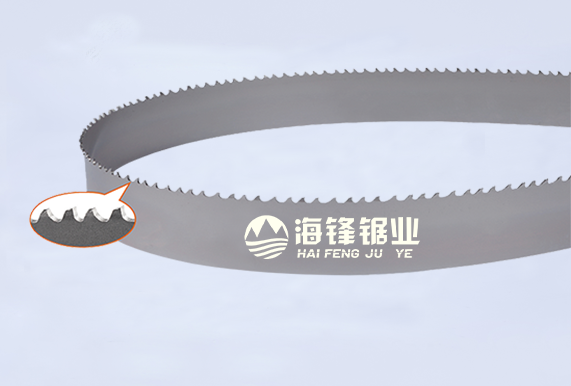 铜川PROCUT-AA抗拉齿型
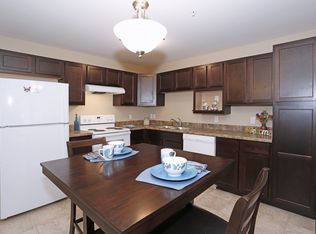 Connect 55+ Penn Township Senior Living 55+, Jeannette, PA 15644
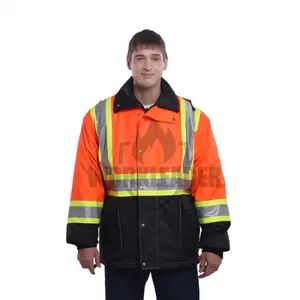 Hi-Vis-Orange-Black-Mens-Waterproof-Safety-Reflective-Work-Winter-Jacket.webp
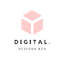 digitaldesignsbox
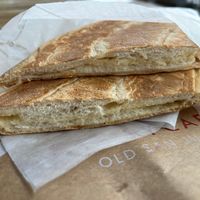 Pan Sobao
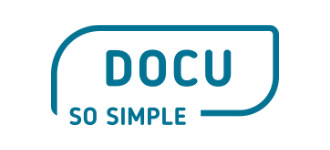 Docu Logo
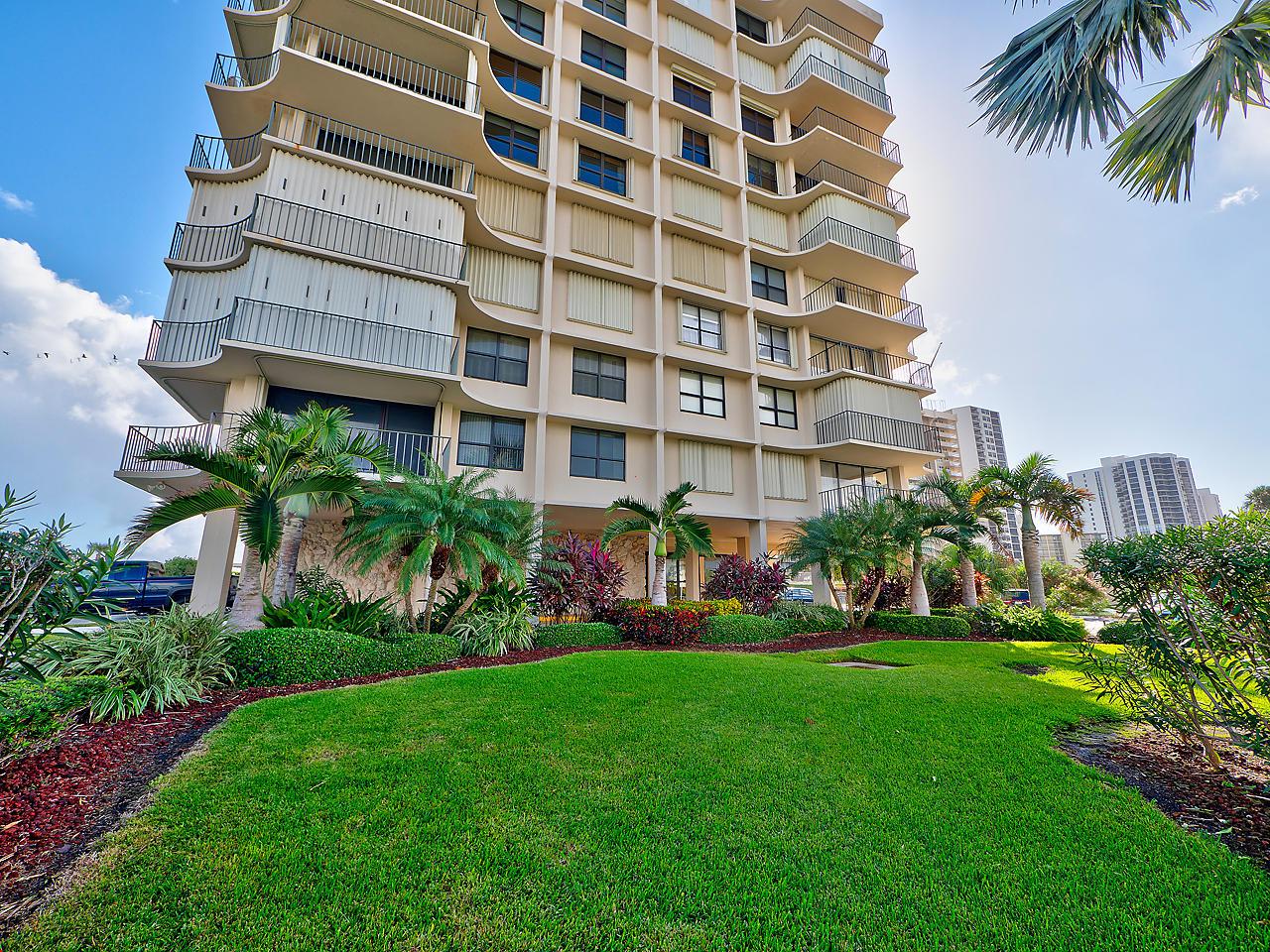 5480 Ocean Drive - Photo 1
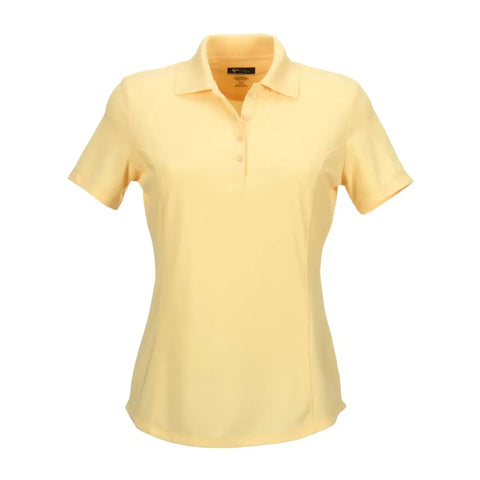 Basic Polo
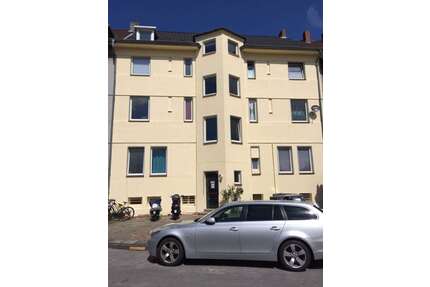 Haus zum Kaufen in Lünen 635.000,00 € 488 m²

= = = = =

§ **Exercise description**
Everything from the line holding "Connect 55+ Penn" through the last line of the listing should be written out exactly, except for the pictures.

§ **Result of the task**
 Connect 55+ Penn Township Senior Living 55+, Jeannette, PA 15644
 Hi-Vis-Orange-Black-Mens-Waterproof-Safety-Reflective-Work-Winter-Jacket.webp
 digitaldesignsbox
 Pan Sobao
 Docu Logo
 5480 Ocean Drive - Photo 1
 Basic Polo
 Haus zum Kaufen in Lünen 635.000,00 € 488 m²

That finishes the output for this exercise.